[Short web captions]

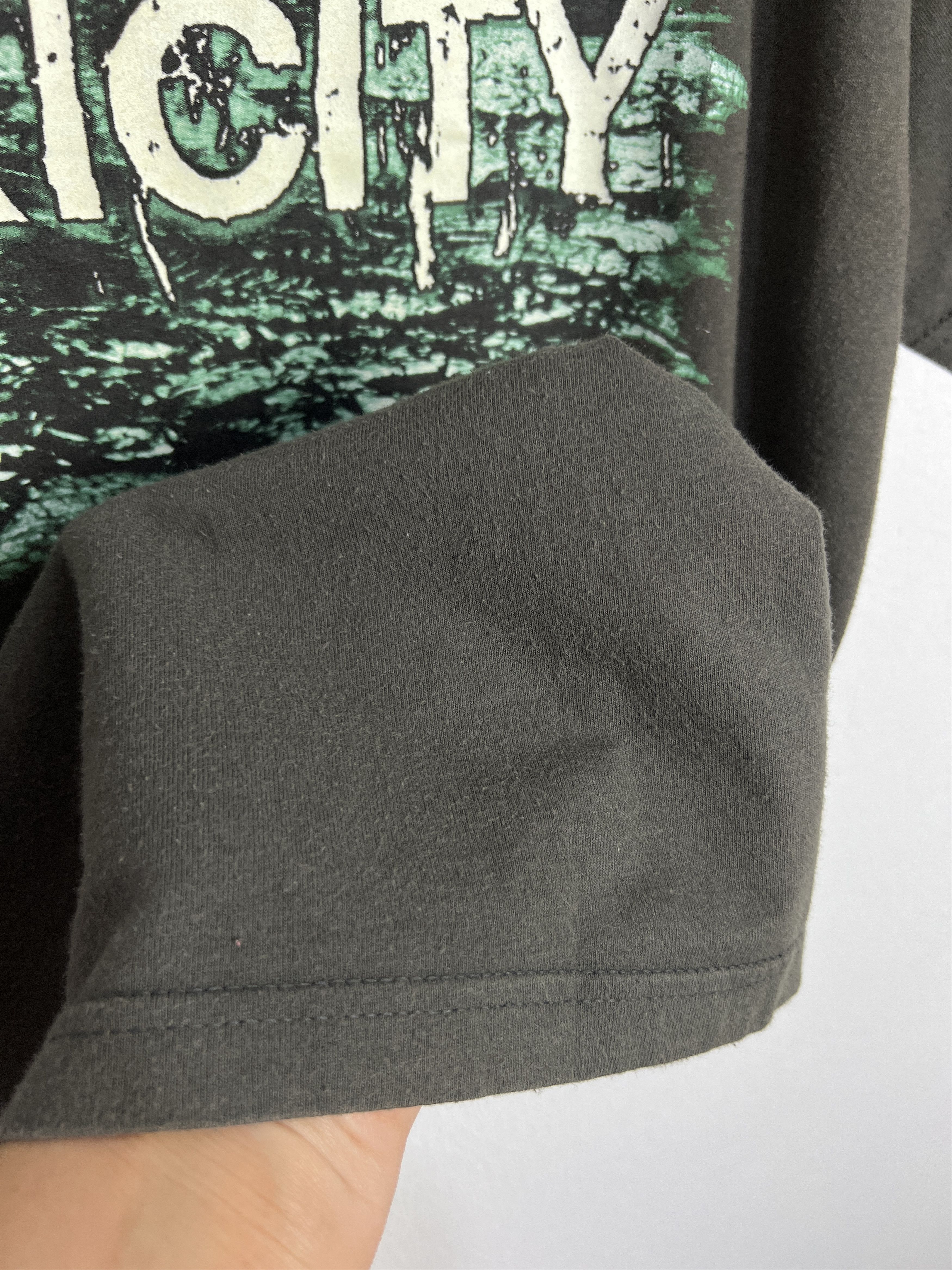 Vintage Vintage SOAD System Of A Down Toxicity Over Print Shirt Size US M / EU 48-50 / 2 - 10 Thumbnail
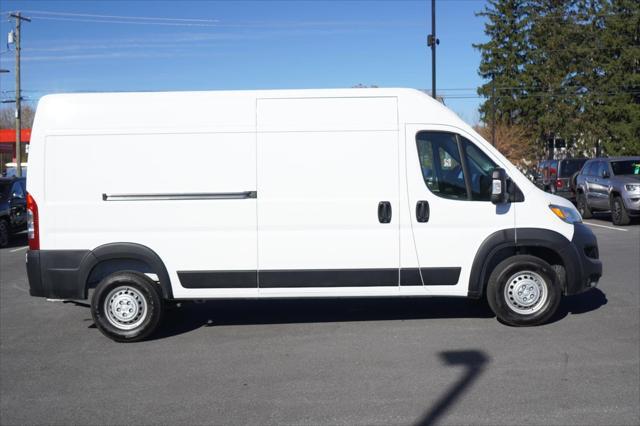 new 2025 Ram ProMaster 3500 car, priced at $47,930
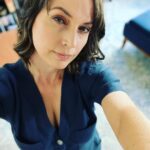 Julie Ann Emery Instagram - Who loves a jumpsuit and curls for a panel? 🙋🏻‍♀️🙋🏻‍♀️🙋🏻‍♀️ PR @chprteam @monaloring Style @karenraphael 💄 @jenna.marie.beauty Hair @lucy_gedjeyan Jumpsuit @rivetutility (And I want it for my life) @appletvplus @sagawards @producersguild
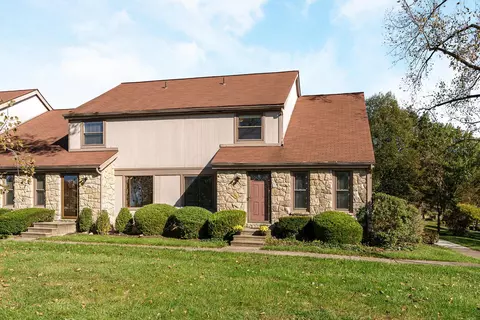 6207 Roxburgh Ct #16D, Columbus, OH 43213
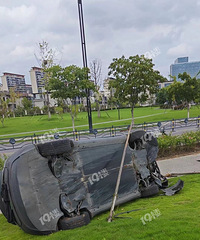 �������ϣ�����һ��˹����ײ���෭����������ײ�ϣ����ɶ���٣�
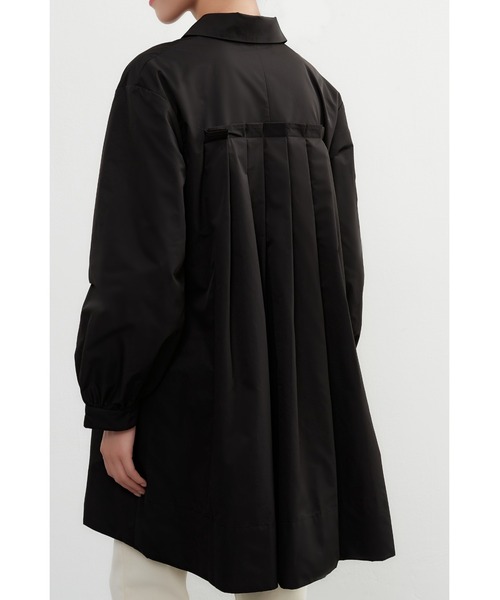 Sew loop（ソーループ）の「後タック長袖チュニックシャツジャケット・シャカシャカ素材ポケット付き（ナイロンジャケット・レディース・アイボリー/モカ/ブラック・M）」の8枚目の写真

--

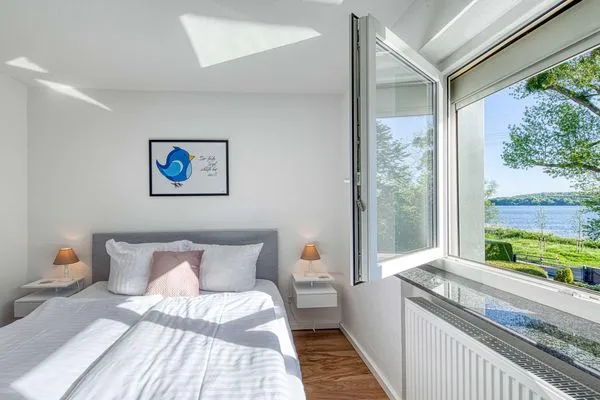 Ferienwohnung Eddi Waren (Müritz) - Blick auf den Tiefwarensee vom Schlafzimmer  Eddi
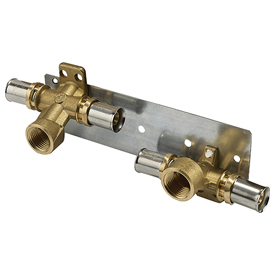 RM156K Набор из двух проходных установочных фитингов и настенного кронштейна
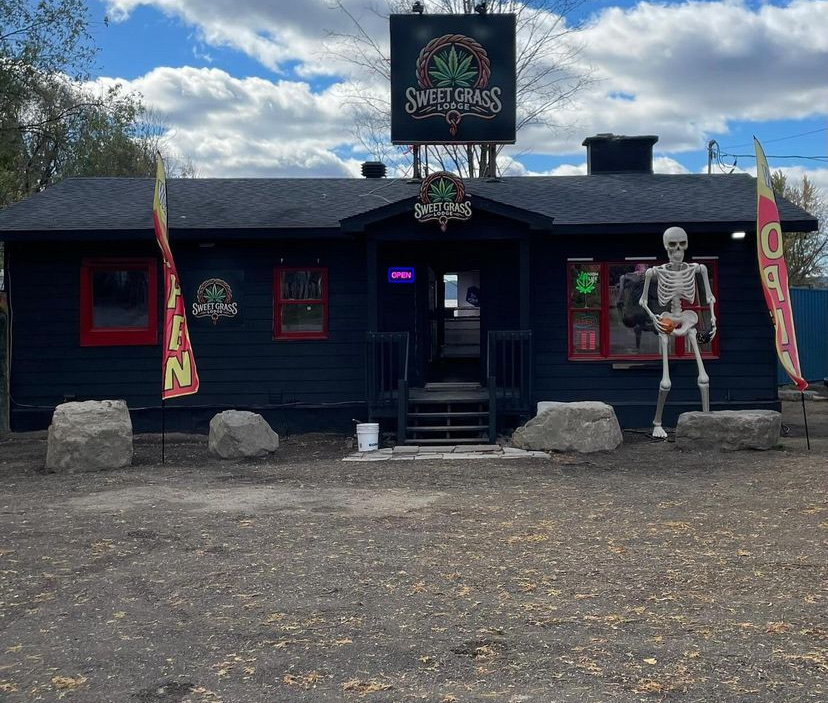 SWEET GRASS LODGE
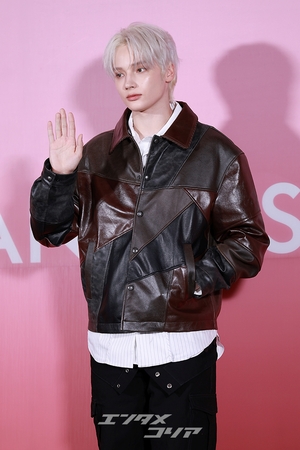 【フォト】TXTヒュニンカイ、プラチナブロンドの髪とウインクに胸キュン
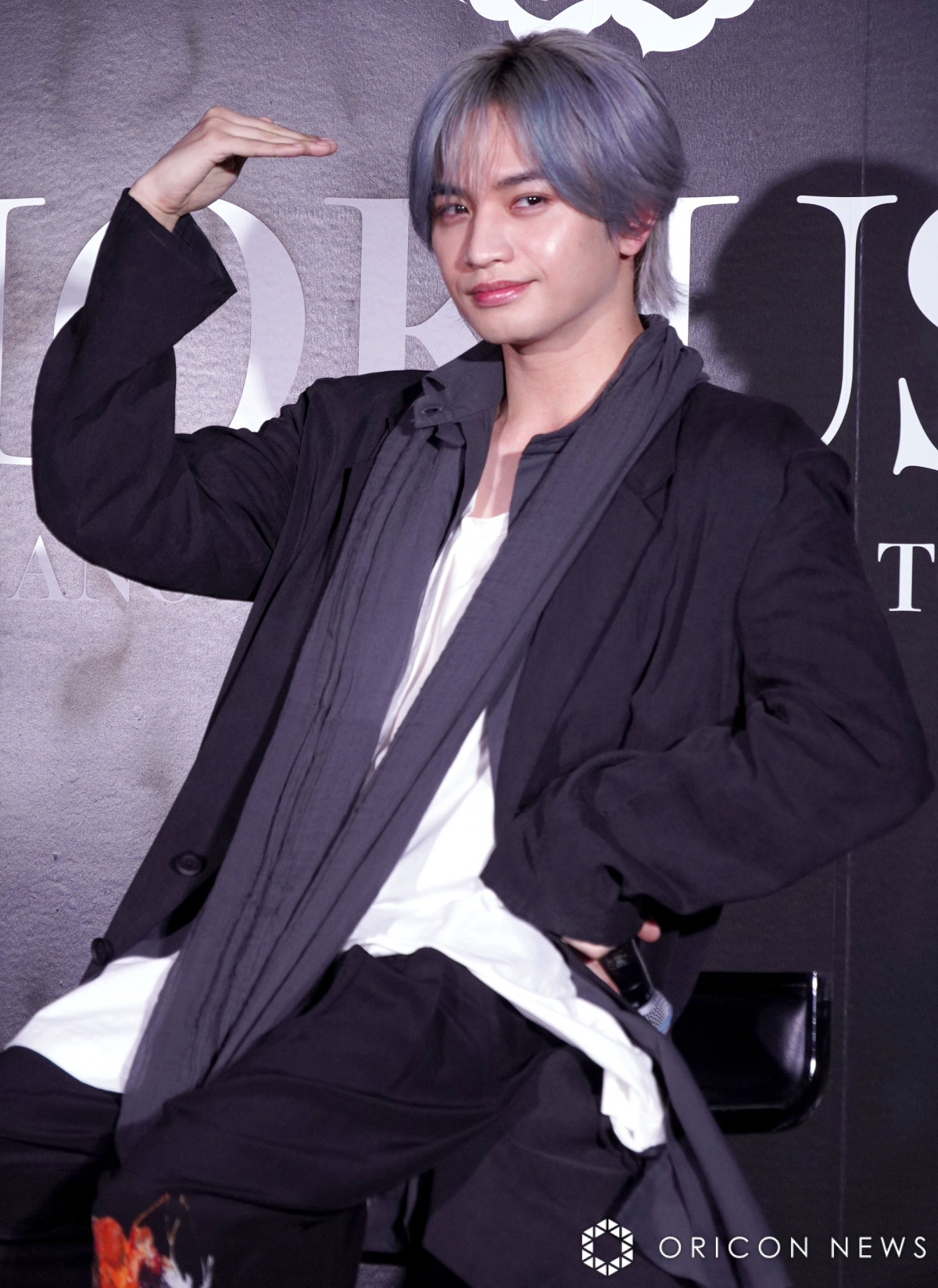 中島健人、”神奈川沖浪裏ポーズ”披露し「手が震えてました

• Directions
Leaving pictures out, output the lines of the data above from the one with "Vintage Vintage SOAD" through the one with "Sew loop（ソーループ", word for word.

• Answer
 Vintage Vintage SOAD System Of A Down Toxicity Over Print Shirt Size US M / EU 48-50 / 2 - 10 Thumbnail
 new 2025 Ram ProMaster 3500 car, priced at $47,930
 Julie Ann Emery Instagram - Who loves a jumpsuit and curls for a panel? 🙋🏻‍♀️🙋🏻‍♀️🙋🏻‍♀️ PR @chprteam @monaloring Style @karenraphael 💄 @jenna.marie.beauty Hair @lucy_gedjeyan Jumpsuit @rivetutility (And I want it for my life) @appletvplus @sagawards @producersguild
 6207 Roxburgh Ct #16D, Columbus, OH 43213
 �������ϣ�����һ��˹����ײ���෭����������ײ�ϣ����ɶ���٣�
 Sew loop（ソーループ）の「後タック長袖チュニックシャツジャケット・シャカシャカ素材ポケット付き（ナイロンジャケット・レディース・アイボリー/モカ/ブラック・M）」の8枚目の写真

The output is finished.